Experts are increasingly divided in how hardware and software will be sourced
This year saw a greater split in expert opinions about how OEMs will source hardware and software components in 2035. Today, the majority of the market of L2+ is dominated by system players (which develop chips and software together), but the experts we surveyed predict that the dominant sourcing strategy in 2035 will be hardware–software separation (that is, OEMs sourcing chips independently from the software). Some OEMs might also develop the software themselves in this scenario. About a third of surveyed experts (34 percent) expect a scenario in which chips and software are either jointly developed by a tech player and chip company or in which everything is done in-house by an OEM.
The most notable change in this year’s survey is the greater share of experts who assumed a mix-and-match approach—26 percent, up from 16 percent in 2023. In this scenario, elements of the technology stack are sourced from different suppliers and integrated by an OEM or a tier-one supplier in the final product. Expert predictions for a mix-and-match approach are likely driven by the rise of end-to-end and hybrid architectures, which could incorporate end-to-end systems from one supplier (or from an OEM’s own development) and traditional systems from another supplier.
A few insights can help autonomous players succeed
The results of this year’s survey have multiple implications for autonomous driving companies. A few key insights stand out:
- Being agile and flexible will help companies stay up to date. Given uncertainty about technology, regulations, and public perception, players will need to constantly track the latest developments in autonomous driving and adapt quickly to changes. This is especially important in areas above where experts have flagged a “split view" (for example, on how hardware and software is sourced, tech stack strategy by region, and so on).

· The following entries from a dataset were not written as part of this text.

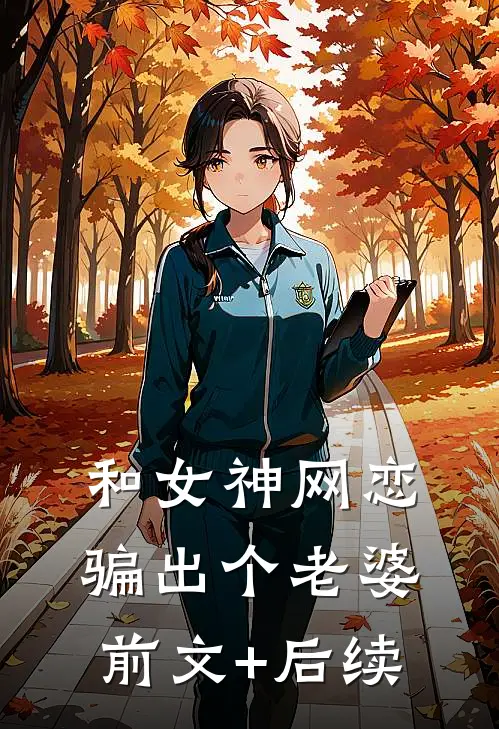 和女神网恋，骗出个老婆前文+后续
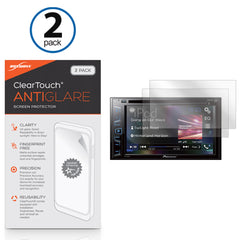 Pioneer AVH-290BT ClearTouch Anti-Glare (2-Pack)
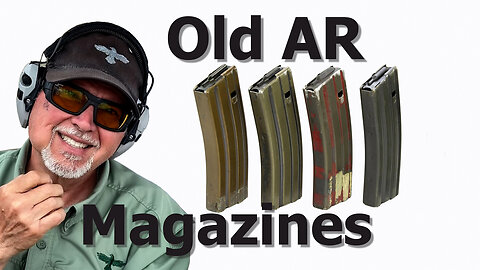 Make AR Mags Great Again! | Yamil Sued Upgrades Old AR-15 Magazines 841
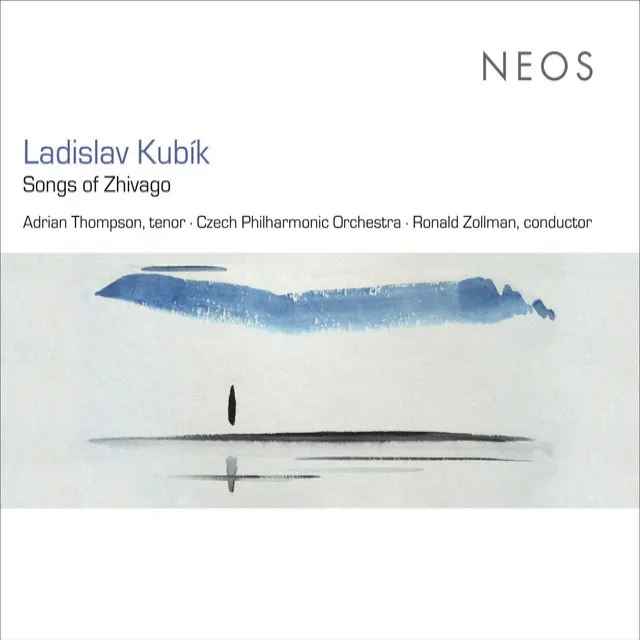 Kubik: Songs of Zhivago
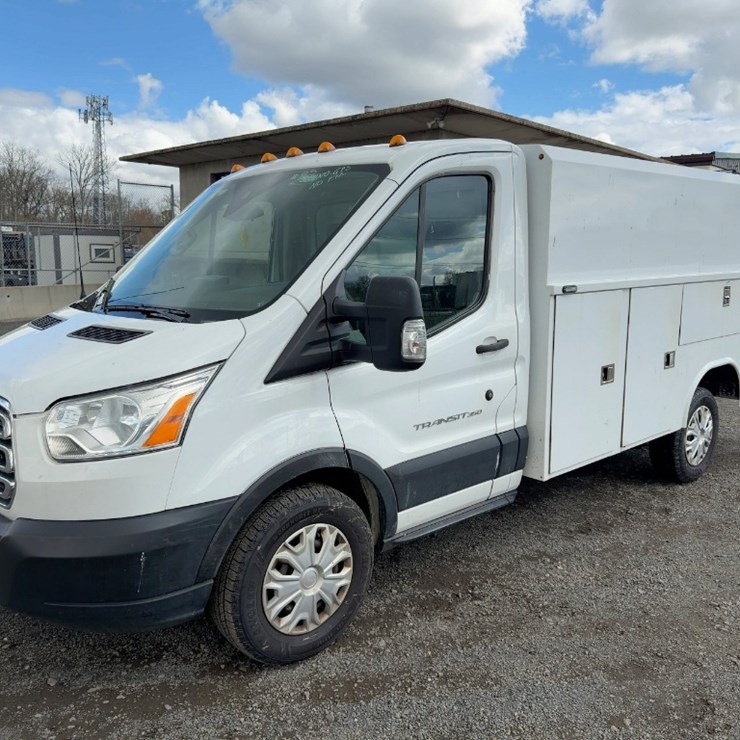 2019 UTILITY Van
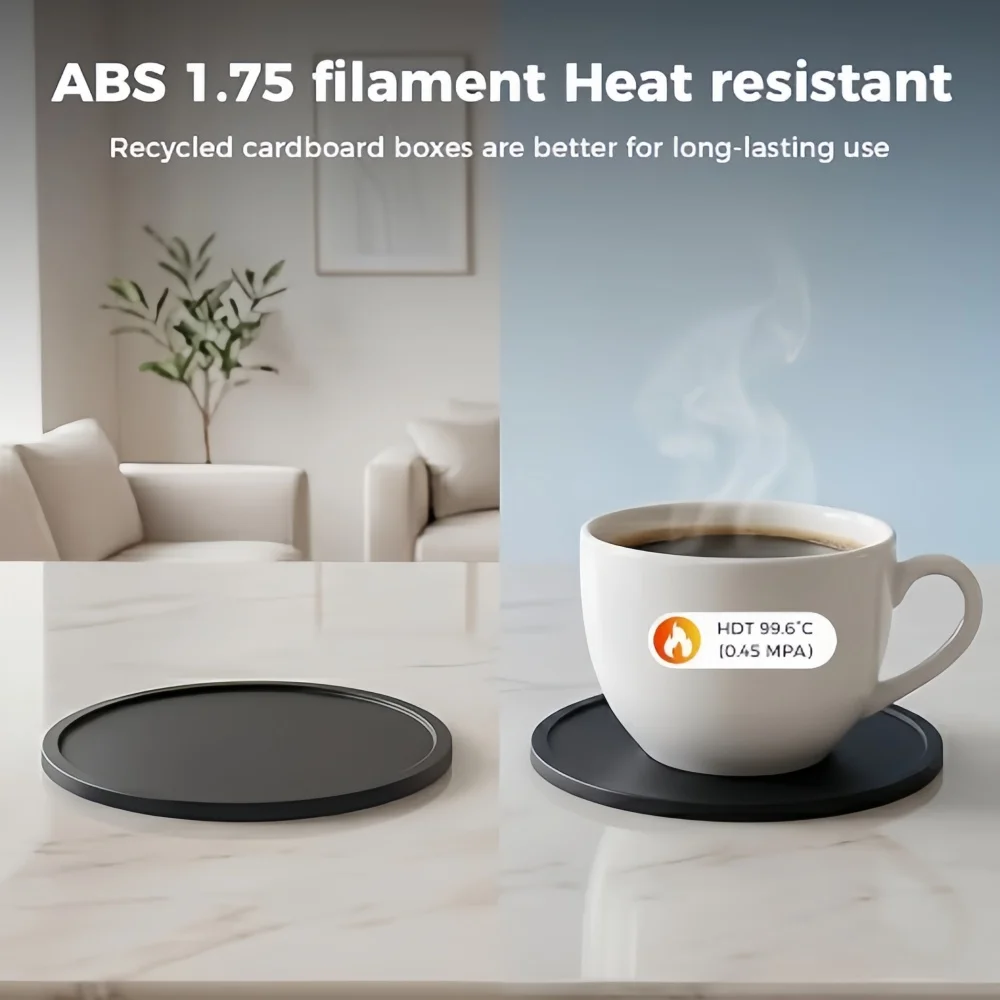 Creality CR-ABS Filament 1.75mm, 1 kg Spool – photo 3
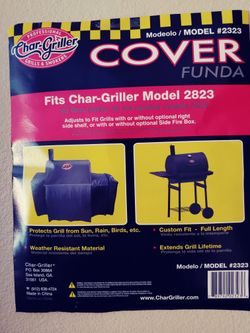 Cover Grill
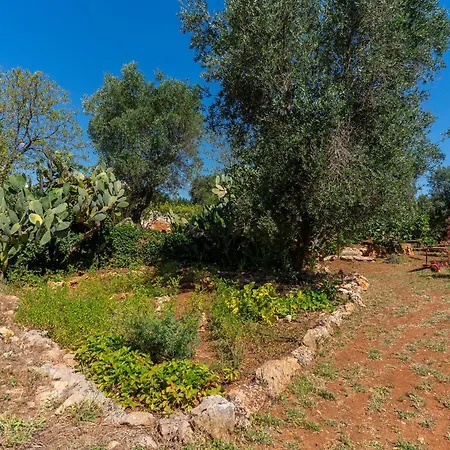 Βίλα Trullo Dell'oleandro - Le Corti Del Silenzio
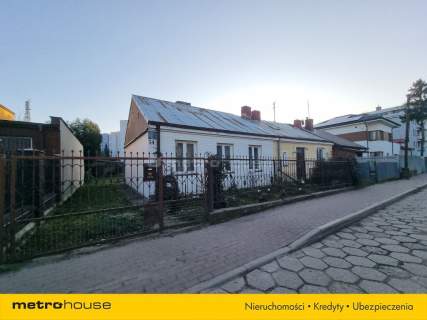 Działka budowlana na sprzedaż, 425 m2, Siedlce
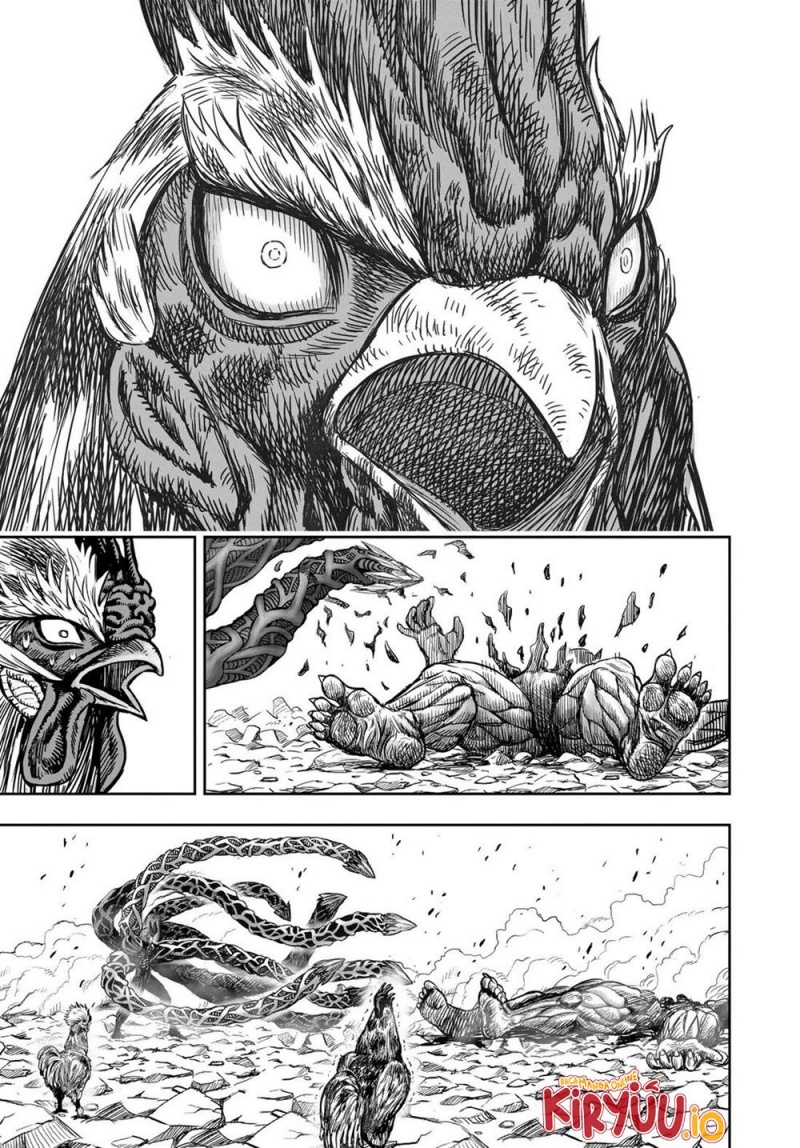 Niwatori Fighter (Rooster Fighter) Chapter 29 Bahasa Indonesia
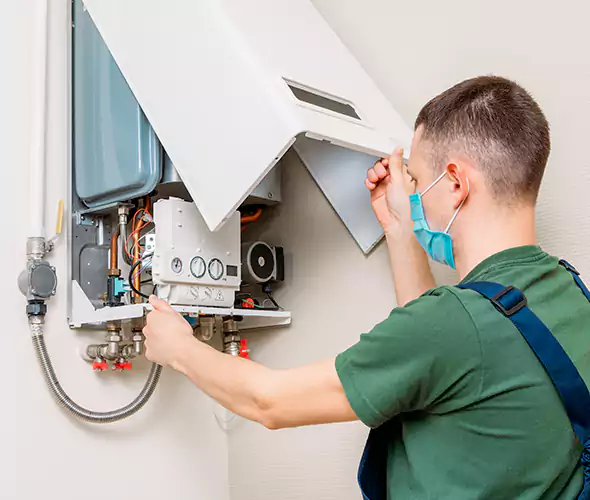 Licensed Experts for Water Heater Installation in Peabody, MA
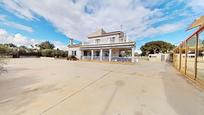 Exterior view of House or chalet for sale in Elche / Elx  with Air Conditioner, Heating and Terrace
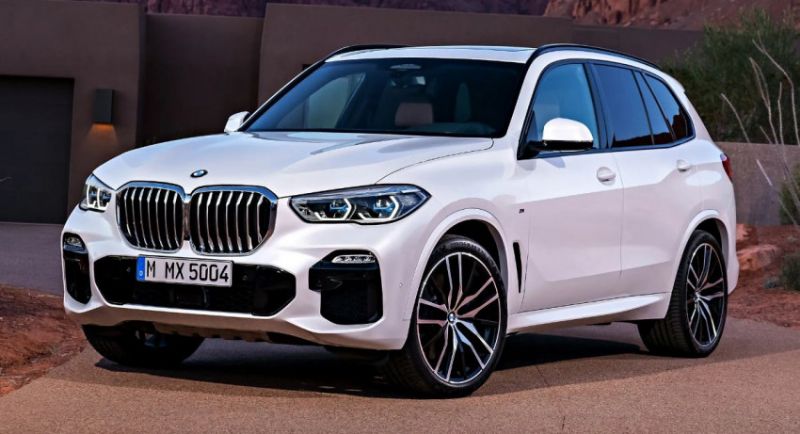 bmw x5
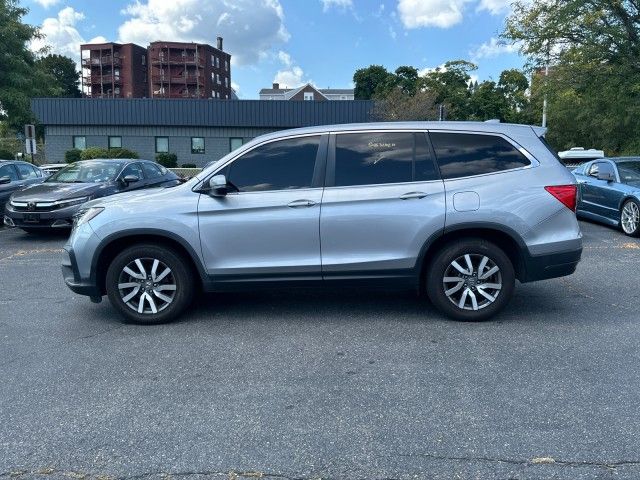 2020 Honda Pilot EX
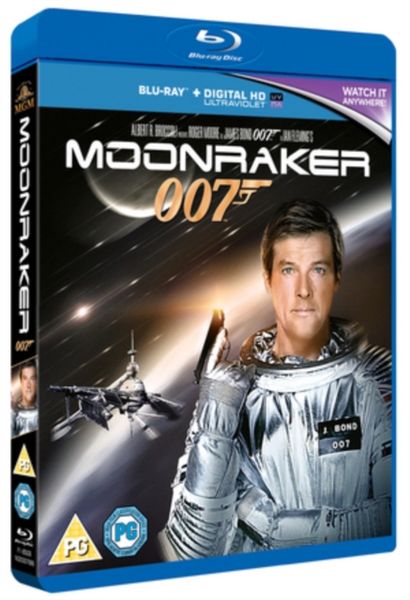 Moonraker(Blu-ray)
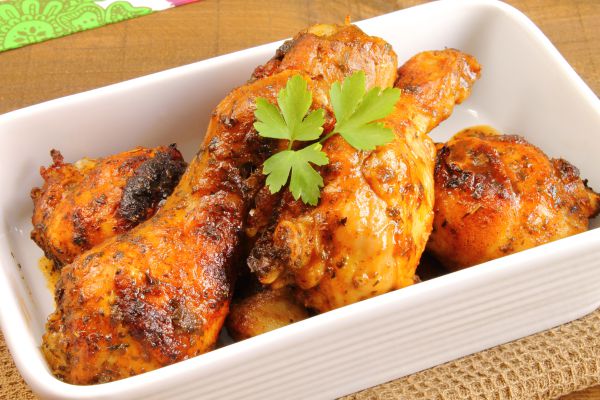 נימוח בפה: מתכון לעוף בסויה וצ'ילי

- Successful market strategies will likely be both targeted and collaborative. As autonomous markets shift and consolidate, companies can focus on parts of the value chain where they have the right to play and win. Partnerships for elements outside of the core business can also help broaden market share.
- Maintaining focus on customer value will be key. In today’s rapidly shifting markets, companies can track what customers want to pay for and build offerings that will meet those expectations.
- Safety guidelines will be critical for scaling. As with all new technological developments, safety and regulation will be crucial. Industry groups can collaborate to set standards and ensure there are no speed bumps to scaling safely.
- Organizational excellence can help overcome roadblocks. Tech, commercial, and operational teams need to work hand in hand to keep development costs in check and make progress at pace.
The industry is getting closer to at-scale realization, however gradually. Even though challenges remain, new innovations and offerings in the industry show encouraging progress. By creating and adjusting plans based on today’s evolving factors, autonomous-vehicle companies stand to find their niche in the coming autonomous landscape.